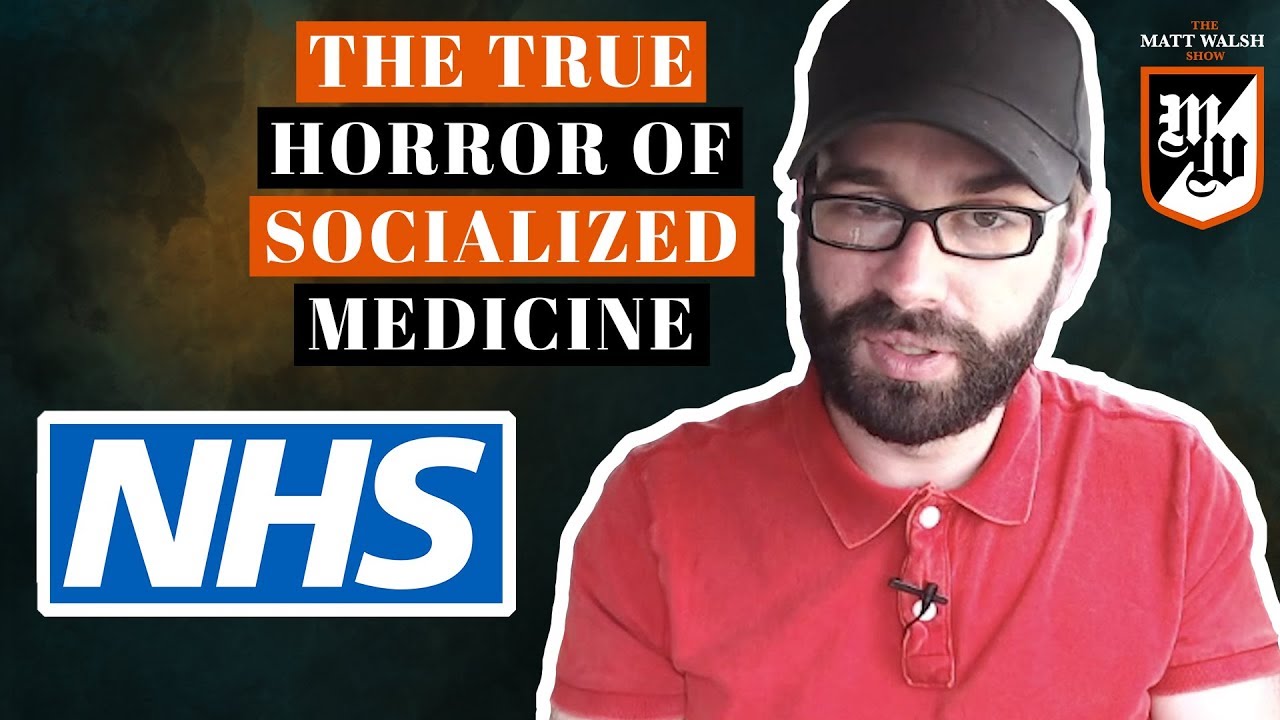 The True Horror Of Socialized Medicine The Matt Walsh Show Ep 15 The true horror of socialized medicine the matt walsh show ep 15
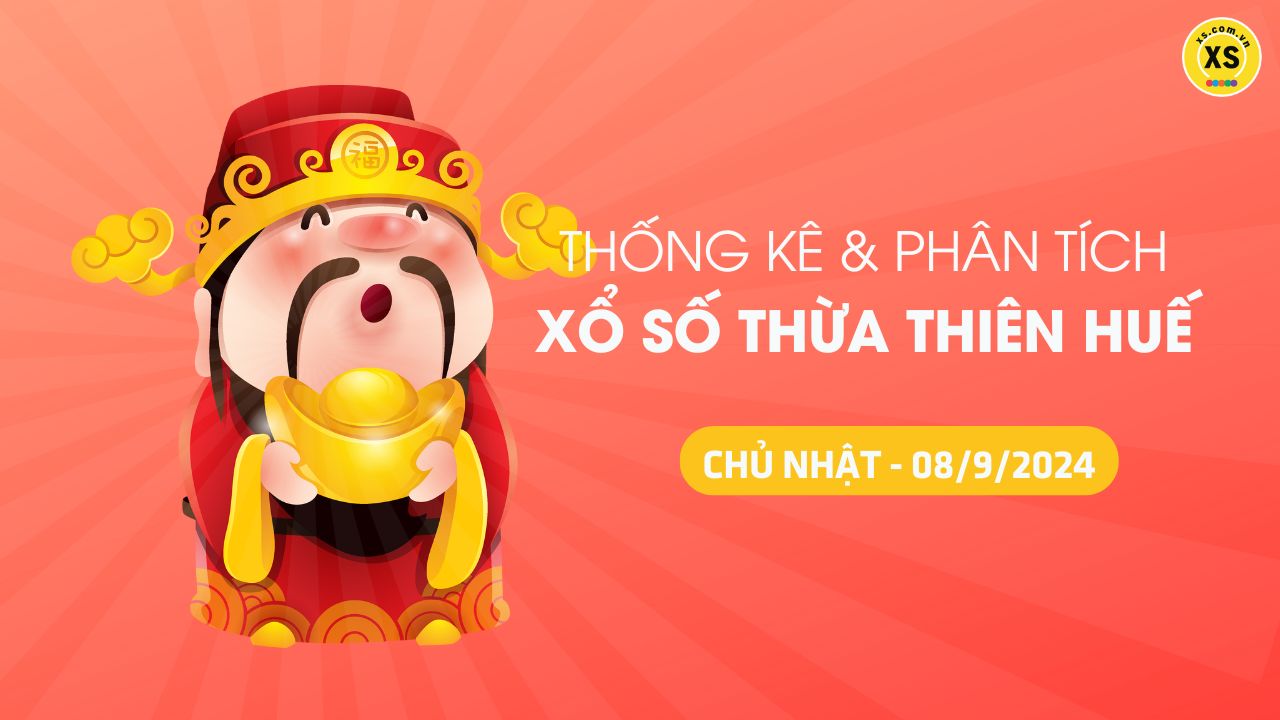 Tham khảo XSTTH 8/9 : Thống kê và phân tích xổ số Huế ngày 8/9/2024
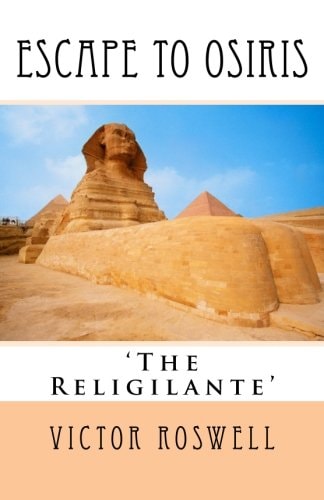 Escape to Osiris The Religilante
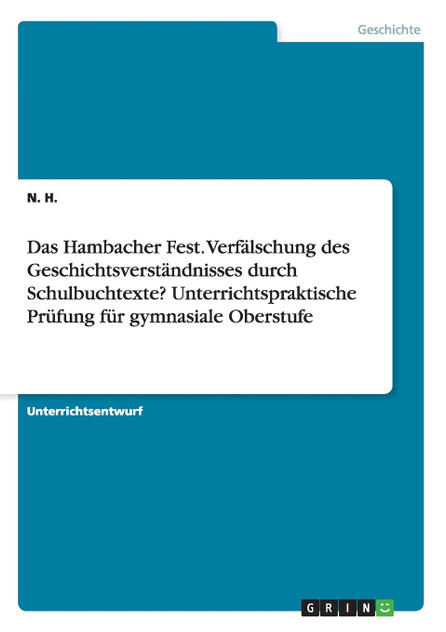 Das Hambacher Fest. Verfälschung des Geschichtsverständnisses durch Schulbuchtexte? Unterrichtspraktische Prüfung für gymnasiale Oberstufe Das Hambacher Fest. Verfälschung des Geschichtsverständnisses durch Schulbuchtexte? Unterrichtspraktische Prüfung für gymnasiale Oberstufe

**Exercise**: Starting at the top of the listing above, reproduce each line up to and including the one with "Escape to Osiris The Religilante"; omit the pictures.

**Reply**:
 The True Horror Of Socialized Medicine The Matt Walsh Show Ep 15 The true horror of socialized medicine the matt walsh show ep 15
 Tham khảo XSTTH 8/9 : Thống kê và phân tích xổ số Huế ngày 8/9/2024
 Escape to Osiris The Religilante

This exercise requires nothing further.